-- INFORMATION SHOWN --
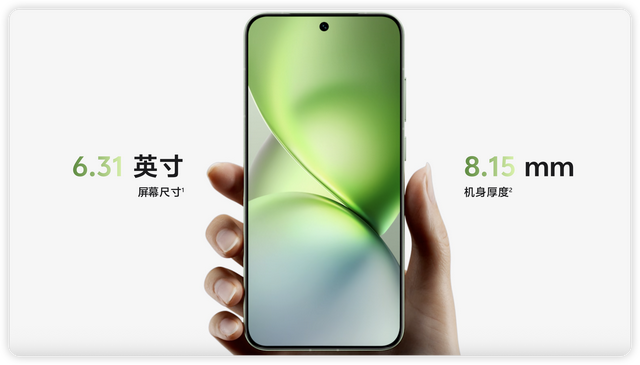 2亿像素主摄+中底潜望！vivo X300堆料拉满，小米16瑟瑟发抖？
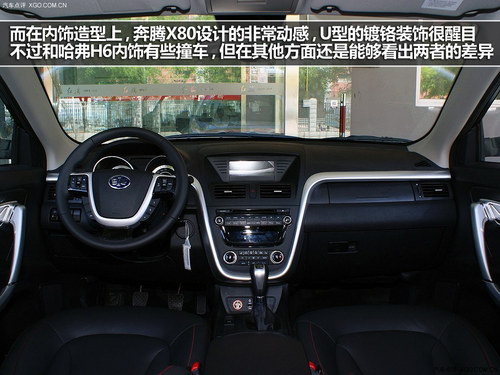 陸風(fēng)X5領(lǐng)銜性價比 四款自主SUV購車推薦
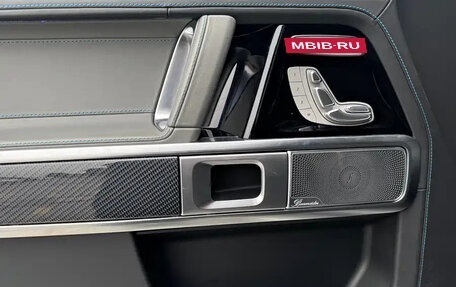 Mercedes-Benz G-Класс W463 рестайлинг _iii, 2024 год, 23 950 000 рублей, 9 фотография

-- WHAT YOU NEED TO DO --
What you give back must match the material above exactly, minus its pictures.

-- REPLY --
 2亿像素主摄+中底潜望！vivo X300堆料拉满，小米16瑟瑟发抖？
 陸風(fēng)X5領(lǐng)銜性價比 四款自主SUV購車推薦
 Mercedes-Benz G-Класс W463 рестайлинг _iii, 2024 год, 23 950 000 рублей, 9 фотография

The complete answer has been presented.